Caption-style text data
★ ★ ★
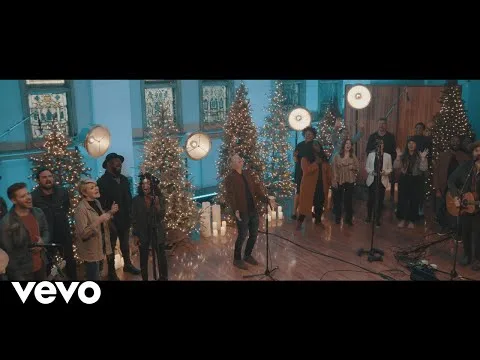 O Little Town Of Bethlehem official video thumbnail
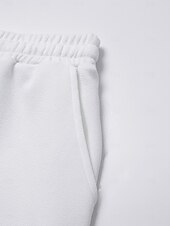 olcso Férfi Basic Tees szettek-Férfi 2 darab Póló öltönyök Rövidnadrág és póló szett Rövid ujjú Terített nyak Nyár Tömör szín Testedző Alkalmi Zseb 2 db Vakáció Hétköznapi viselet Sportruházat Fekete Fehér Barna Férfi felső póló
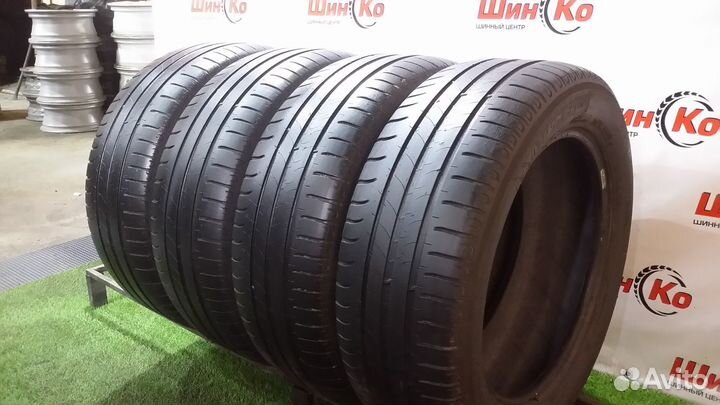 Michelin Energy Saver 205/55 R16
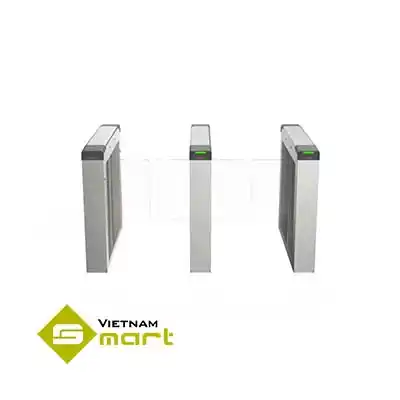 Cổng swing barrier Hikvision DS-K3B211LX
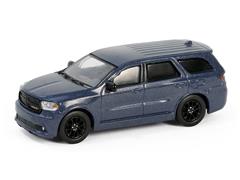 Greenlight Diecast 2018 Dodge Durango NCIS Hawaii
★ ★ ★
__REQUIRED WORK__.
Repeat the exact lines from the first line of the data through the line containing "olcso Férfi Basic". Nothing else, no pictures.

__WRITTEN ANSWER__.
 O Little Town Of Bethlehem official video thumbnail
 olcso Férfi Basic Tees szettek-Férfi 2 darab Póló öltönyök Rövidnadrág és póló szett Rövid ujjú Terített nyak Nyár Tömör szín Testedző Alkalmi Zseb 2 db Vakáció Hétköznapi viselet Sportruházat Fekete Fehér Barna Férfi felső póló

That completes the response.